## Input data
——

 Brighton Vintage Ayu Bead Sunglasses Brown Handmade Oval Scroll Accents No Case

——

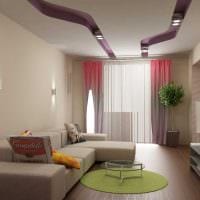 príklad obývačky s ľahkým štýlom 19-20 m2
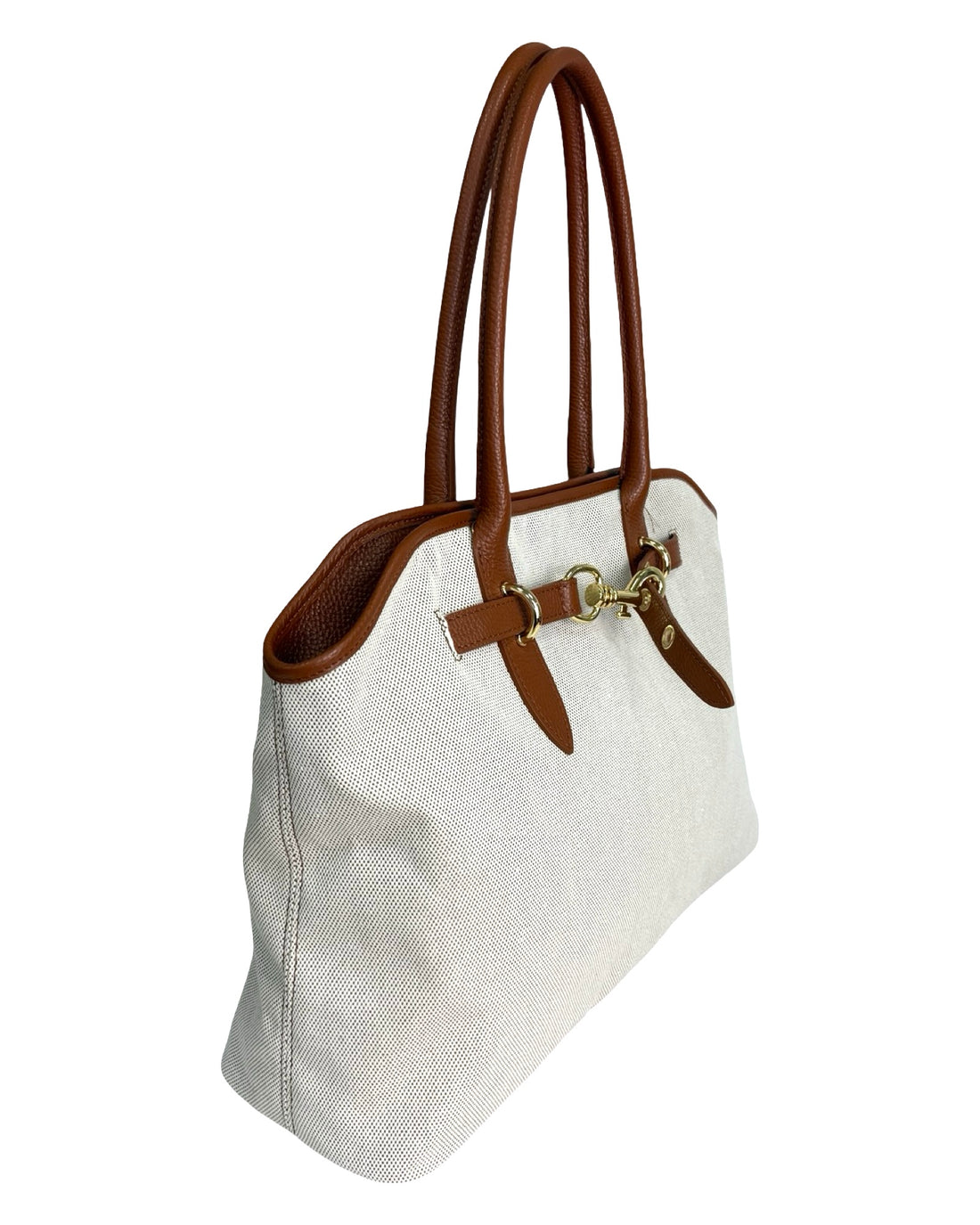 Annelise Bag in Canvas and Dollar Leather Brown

——

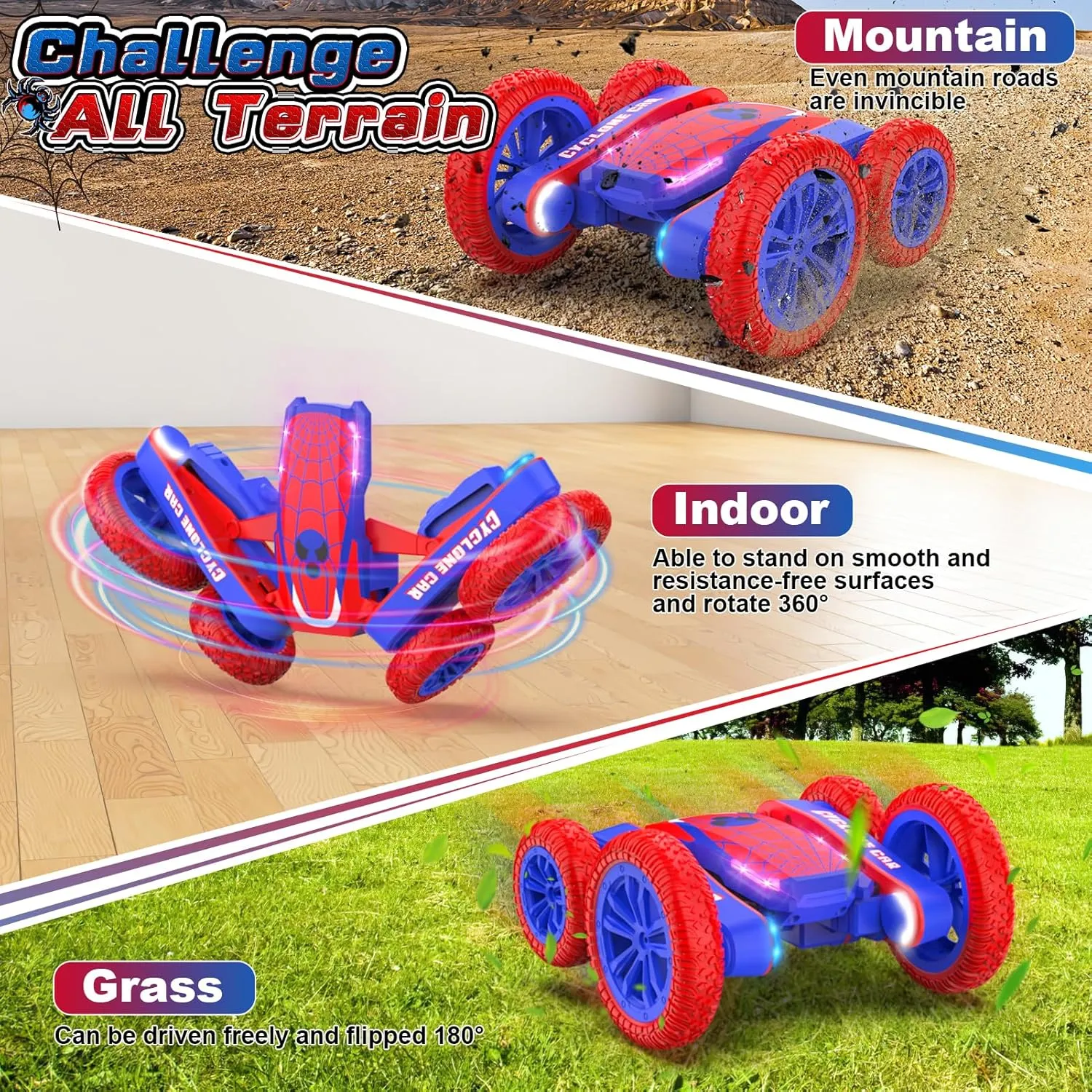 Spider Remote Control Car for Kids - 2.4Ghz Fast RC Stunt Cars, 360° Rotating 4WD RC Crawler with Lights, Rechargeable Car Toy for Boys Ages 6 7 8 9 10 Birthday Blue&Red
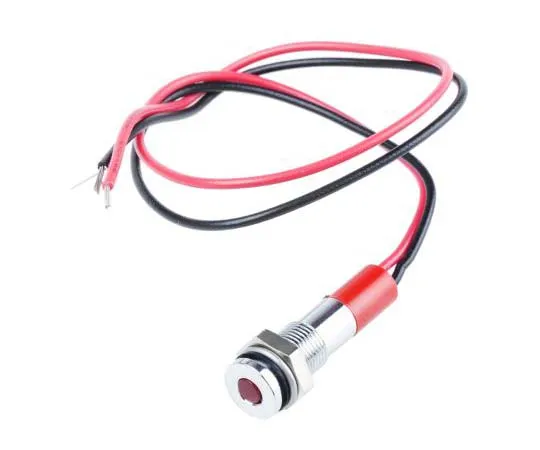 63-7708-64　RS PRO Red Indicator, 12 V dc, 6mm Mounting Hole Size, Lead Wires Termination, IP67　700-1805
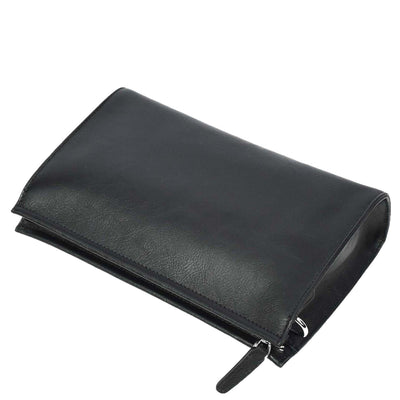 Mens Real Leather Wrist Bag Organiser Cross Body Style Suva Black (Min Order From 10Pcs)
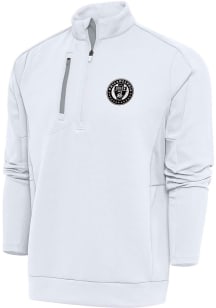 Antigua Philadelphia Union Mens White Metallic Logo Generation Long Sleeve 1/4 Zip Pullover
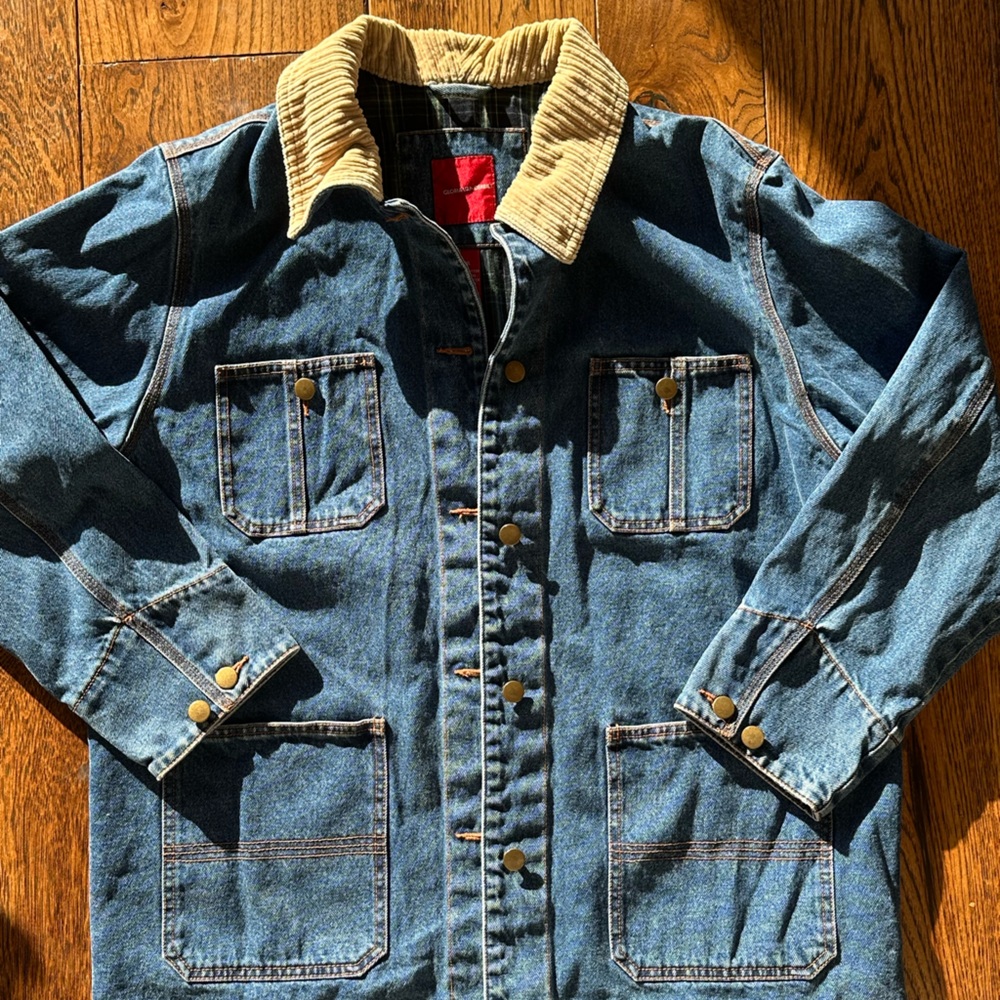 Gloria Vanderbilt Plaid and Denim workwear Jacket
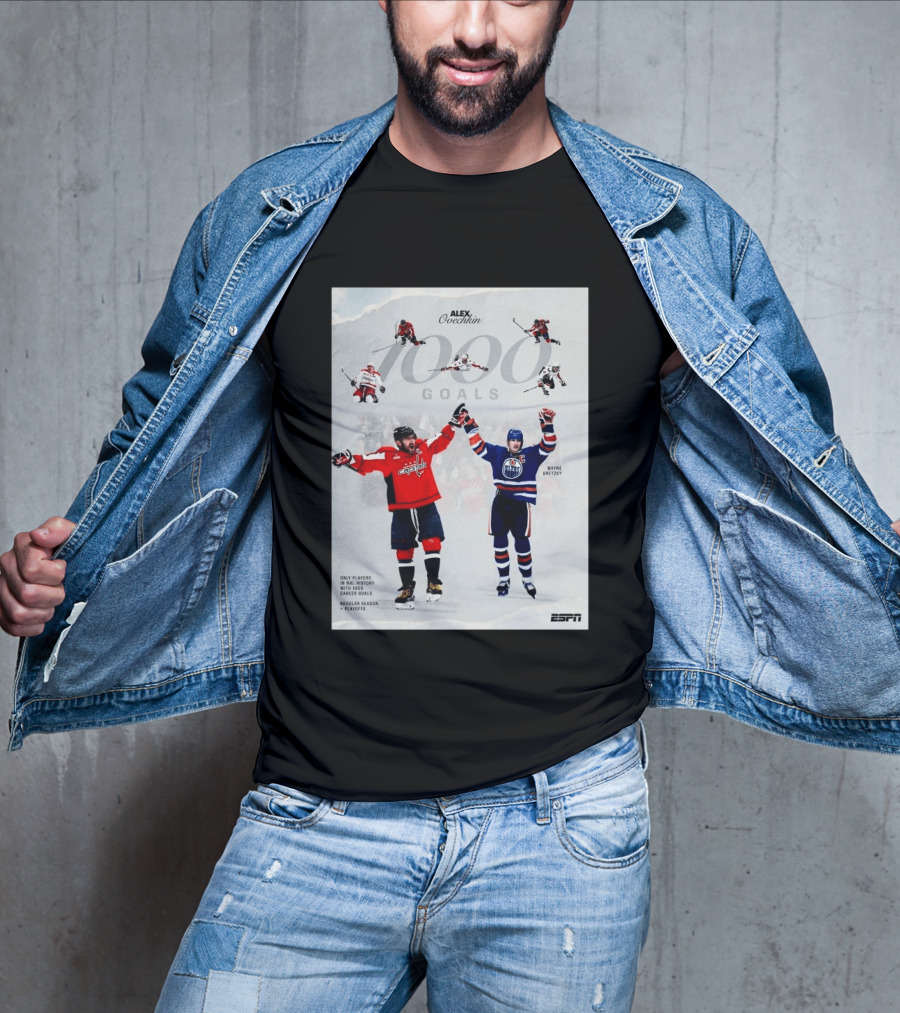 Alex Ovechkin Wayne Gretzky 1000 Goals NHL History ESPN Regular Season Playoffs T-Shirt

——

## How to complete this task
Copy word for word only the lines above from the one with "Antigua Philadelphia Union" through the one with "Alex Ovechkin Wayne". Leave pictures out.

## Solution to this problem
 Antigua Philadelphia Union Mens White Metallic Logo Generation Long Sleeve 1/4 Zip Pullover
 Gloria Vanderbilt Plaid and Denim workwear Jacket
 Alex Ovechkin Wayne Gretzky 1000 Goals NHL History ESPN Regular Season Playoffs T-Shirt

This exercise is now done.